The ‘blurb’ for the film tells us that Philip, the film’s chief protagonist (played with rare skill by Sean Harries) is returning to his dilapidated childhood home after some nameless disgrace has ended his career as a children’s entertainer, but – whether by nature of brutal editing, or out of a general sense of dispensing with straightforward plot development – no details whatsoever about this debacle are forthcoming, so that you would only really know this by reading about it. For all intents and purposes, we only see a middle-aged man carrying a holdall, on a journey of some kind. This is an obviously tortured guy, with not an albatross round his neck, but a terrifying tree-limbed spider marionette with a human face. I suppose if Philip was using this puppet to ‘entertain’ children, then it’s no wonder his career has come to an abrupt end, but there’s doubtless more to it than that.

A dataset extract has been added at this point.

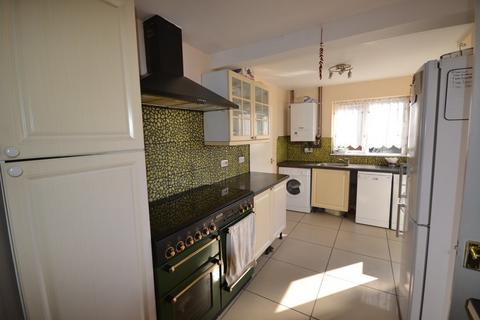 3 bedroom semi-detached house to rent - Tyringham Road, Leicester LE18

Philip seems very invested in the puppet, which he calls ‘Possum’ (why?) but he also wants to get rid of it; its hold over him has obviously been of some duration, given that once back inside the squalid home where stepfather Maurice (Alun Armstrong) still lives, he is drawn towards picture books he seems to have had since childhood, which describe Possum in as terrifying a way as a certain similar book described a certain Babadook-dook-dook. Worse still, every time Philip tries to dispose of Possum, he ends up with it back in his life by mysterious means. Meanwhile, we are shown that he takes peculiar, unseemly interests in the goings-on around him, showing an odd fascination with a teenage boy he sees drawing on the train, perhaps seeing his scrawls as marking him out as a kindred spirit. We are also party to a very stilted resumption of Philip’s relationship with his stepfather, a man who seems perfectly at ease with the squalor which surrounds him, and who has little to say to his relative-by-marriage, other than laughing variously at his clear discomfort.

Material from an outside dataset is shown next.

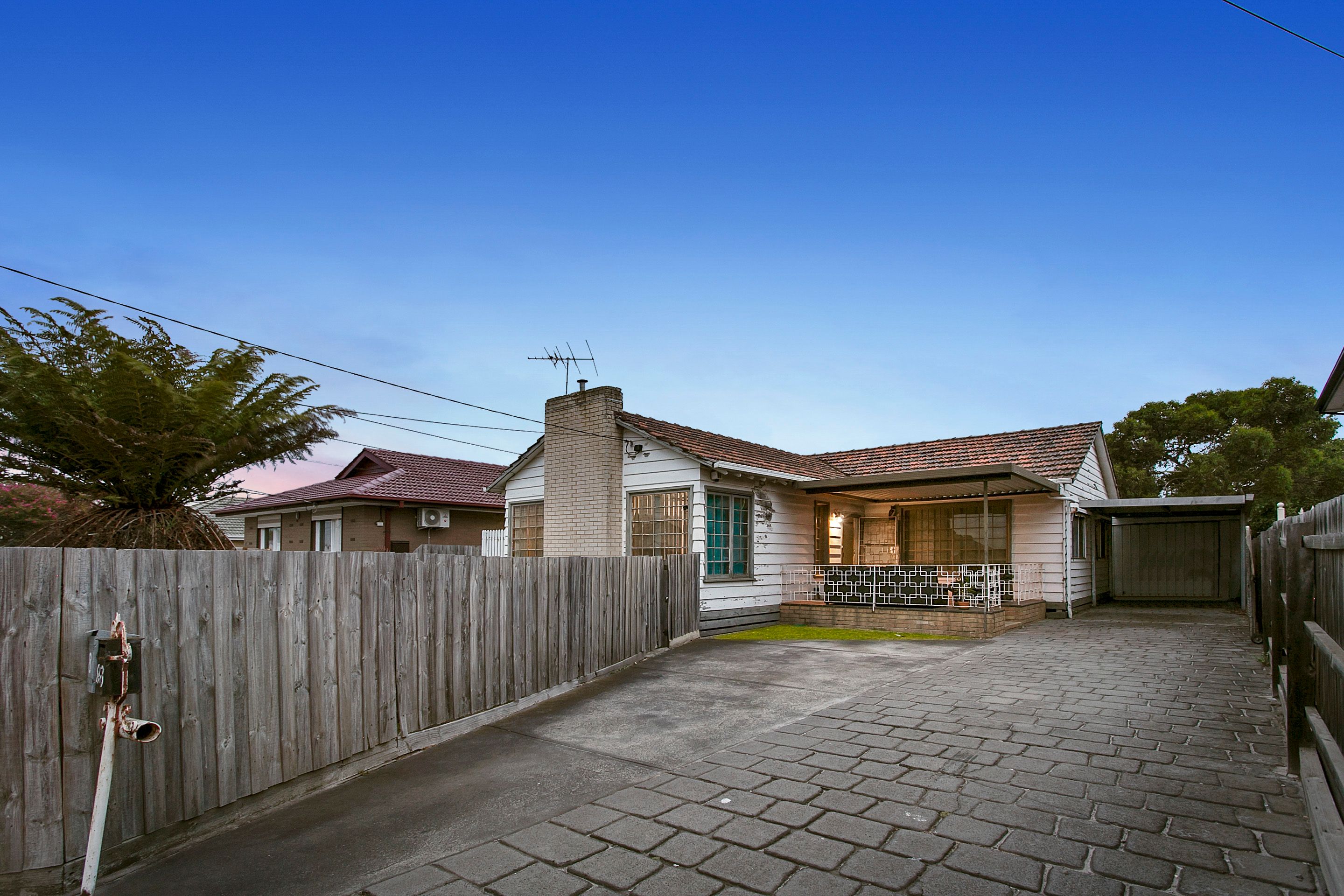 8 Treesbank Avenue, Springvale, VIC 3171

As the film progresses, Philip looks authentically more and more haunted by Possum, and seemingly more and more in need of getting things off his chest. It is certainly impressive to see how Harries manages to enact this increasing sense of oppression, as he almost disappears inside himself during the film’s progress. He also looks authentically ill, which is testament at least to the turmoil he’s feeling, even if he describes it very little indeed. In some respects Possum reminds me of the underappreciated Tony (2009), another film with a troubled, but unseemly male main character. As for Philip, his desperation to burn or to ditch the horrible puppet thing is, we see, useless; the more he seems to try to deal with this nightmarish situation, the more Possum appears, spider-limbed and vicious, in his dreams. Some of the sequences in Possum are genuinely unsettling, capturing something of those helpless childhood fears which so many of us seek in the horror cinema we watch as adults. Director/writer Matthew Holness clearly appreciates a good, creeping scare, and can bring a certain sense of a child’s powerlessness to the screen.

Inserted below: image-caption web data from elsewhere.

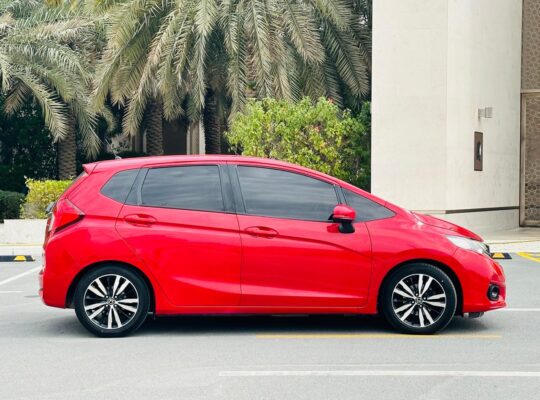 Honda jazz 2018 red for sale
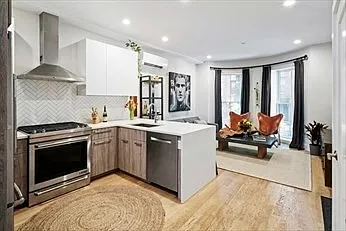 55 E Springfield St #2 — Photo 3
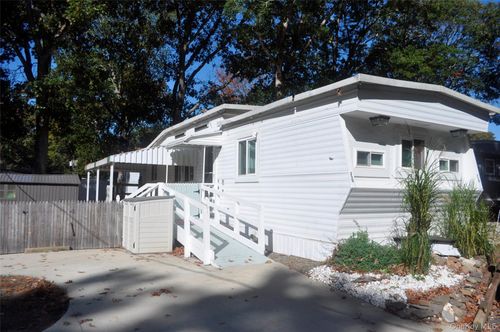 e-6-658 Sound Ave, Calverton, NY, 11933-1021 | Card Image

However, whilst you can feel genuine sympathy with such a tortured soul, there is very little in the way of closure here, just as there’s little concrete to get hold of throughout. My understanding of Philip’s issues with Maurice are essentially inferred, and not a little based on a kind of prejudice: I can’t, honestly, think of an interpretation for his trauma except for a certain kind of trauma, albeit one which is not exactly spelled out either. In fact, by the film’s close, I wasn’t sure whether I believed that most of the characters I’d watched were really present, so surreal and abstruse is the film as a whole. Overall, I feel that whatever else the film chooses to do or not to do, it badly needs a punchline. Not a neat tying-together of all loose ends, but something to avoid that final sense that little has taken place.
If you enjoy these kinds of exercises in atmospherics, then there is a great deal to love about Possum. Indeed, if you prefer cinema which is not forthcoming and leaves you with a series of sensations rather than telling a linear story, then it’s a triumph. However, this kind of approach is a risk, one which seemed to split the audience at Celluloid Screams, and one which I’d imagine will have a similar impact wherever Possum is seen and debated.
Possum screened at Celluloid Screams Film Festival 2018 and will be released in the UK on the 26th October 2018.